Oui, tout à fait, c’est un parc verdoyant à deux pas du centre-ville, à 10mn à pied de la gare aussi pour ceux qui viennent d’un peu plus loin, ce qui facilite grandement l’accès. Le fait d’avoir le centre à côté permet d’avoir aisément accès aux propositions hôtelières, Airbnb, puisqu’il n’y aura pas de camping sur place. Et le parc en lui-même est assez imposant, on n’en utilise d’ailleurs qu’une petite partie et le cadre est vraiment sympa, il y a des petits cours d’eau, des étangs au milieu du parc, on longe la Somme et on a une véritable proximité avec les hortillonnages qui font partie du patrimoine amiénois. Et d’ailleurs à ce titre, on va probablement proposer des petites balades en barques avec animations musicales et probablement offertes au public pour les personnes ayant les pass 2 jours. On est en train de finaliser ça, on travaille sur des extras et l’idée de faire découvrir notre ville au public extérieur, puisqu’on a aussi un beau patrimoine.
Quant au festival, j’imagine que l’idée est de l’inscrire dans la durée ?
Oui, même si on y va étape par étape, on ne peut pas l’assurer car si on perd 100 000€ sur cette opération, on ne pourra pas le refaire. L’équation est simple, plus il y aura de public, plus il y aura de chance que l’on renouvelle mais ce serait frustrant de lancer un festival et s’arrêter à la première édition. Surtout que les retombées pour ce type d’événement se font rarement la première année mais plutôt la troisième ou la quatrième quand on est identifiés.
J’ai une petite pensée pour feu le festival Heartbeats, je sais que vous êtes assez proche du milieu musical lillois, est-ce que vous avez discuté avec les organisateurs de l’événement pour essayer d’éviter certains pièges ?

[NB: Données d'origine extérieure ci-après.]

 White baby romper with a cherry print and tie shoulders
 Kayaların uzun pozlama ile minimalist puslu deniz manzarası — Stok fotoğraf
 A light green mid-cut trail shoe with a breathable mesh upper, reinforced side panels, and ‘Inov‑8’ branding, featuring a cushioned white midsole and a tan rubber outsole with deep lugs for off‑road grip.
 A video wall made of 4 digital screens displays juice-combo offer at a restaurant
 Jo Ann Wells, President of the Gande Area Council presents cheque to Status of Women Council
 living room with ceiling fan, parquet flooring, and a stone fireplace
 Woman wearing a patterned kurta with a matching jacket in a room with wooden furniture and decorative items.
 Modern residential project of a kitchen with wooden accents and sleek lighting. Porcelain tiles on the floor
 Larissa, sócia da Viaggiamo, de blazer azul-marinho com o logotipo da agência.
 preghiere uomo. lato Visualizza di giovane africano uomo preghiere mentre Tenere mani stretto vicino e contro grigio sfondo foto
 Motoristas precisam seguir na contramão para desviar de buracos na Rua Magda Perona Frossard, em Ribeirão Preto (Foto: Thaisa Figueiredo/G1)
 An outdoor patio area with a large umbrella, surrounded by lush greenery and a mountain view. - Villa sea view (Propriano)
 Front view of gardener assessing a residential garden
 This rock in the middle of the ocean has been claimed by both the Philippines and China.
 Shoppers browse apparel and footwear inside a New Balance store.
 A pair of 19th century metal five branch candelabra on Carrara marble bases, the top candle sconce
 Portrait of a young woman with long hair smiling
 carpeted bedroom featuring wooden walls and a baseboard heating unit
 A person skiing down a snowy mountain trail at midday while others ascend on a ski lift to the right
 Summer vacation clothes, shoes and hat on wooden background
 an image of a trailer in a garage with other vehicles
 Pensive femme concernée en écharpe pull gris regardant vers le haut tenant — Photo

Oui, même si j’ai pas mal soutenu cet événement organisé par des partenaires et ami.e.s, on sait que financièrement, ça ne s’est pas bien passé et il fallait aussi avoir les infos sur ce qui a coincé et ne pas reproduire les mêmes erreurs. Donc oui, on essaye d’être humbles en ayant un contrôle budgétaire rigoureux et si ça marche, on essaiera de faire un peu mieux l’année d’après, parce qu’on peut vite se casser la gueule aussi !
Dernière question, c’est peut-être l’occasion de parler de la salle même, vous êtes dans une période transitoire, tu peux nous en dire plus ?
C’est une salle de 500 places qui devrait sortir de terre sur l’automne 2020, on y ajouterait des studios de répétition, de nouveaux espaces administratifs et tout ce qui va avec. La particularité de ce projet est qu’il s’inscrit dans une complémentarité avec l’existant. La salle actuelle deviendra un « club » à part entière, on piloterait un projet à deux lieux et 3/400m d’écart, la salle étant déjà à la base atypique, on continue dans l’atypique mais qui va trouver aussi une cohérence dans la mise en place du projet que l’on prépare. On reste pas très loin, dans notre quartier historique d’Amiens, celui de Saint-Leu, donc il y a une véritable continuité et surtout il n’y aura aucune fermeture de salle contrairement aux copains du Grand Mix qui sont obligés de faire une année de transition.
Est-ce que ça change ta manière d’aborder la programmation de la salle ?
Pas de façon radicale puisque la Lune est bien identifiée et ça permet de faire des groupes le lundi soir, le mardi soir qui sont des groupes plus à même de faire des jauges de 500 places. Il nous arrive de faire des coups comme récemment Kadavar ou encore L’Or du Commun en hip hop où on aurait fait 500 places. Malgré tout, on n’a pas voulu se lancer sur une jauge de 1000 places, on voulait s’inscrire dans une continuité du projet artistique de la Lune actuelle et agrandir à ce point nous aurait placés dans une logistique bien différente avec une direction artistique moins pointue, plus de spectacles type variété. 500 places nous permettent de rester dans l’indé qui est notre cœur de programmation.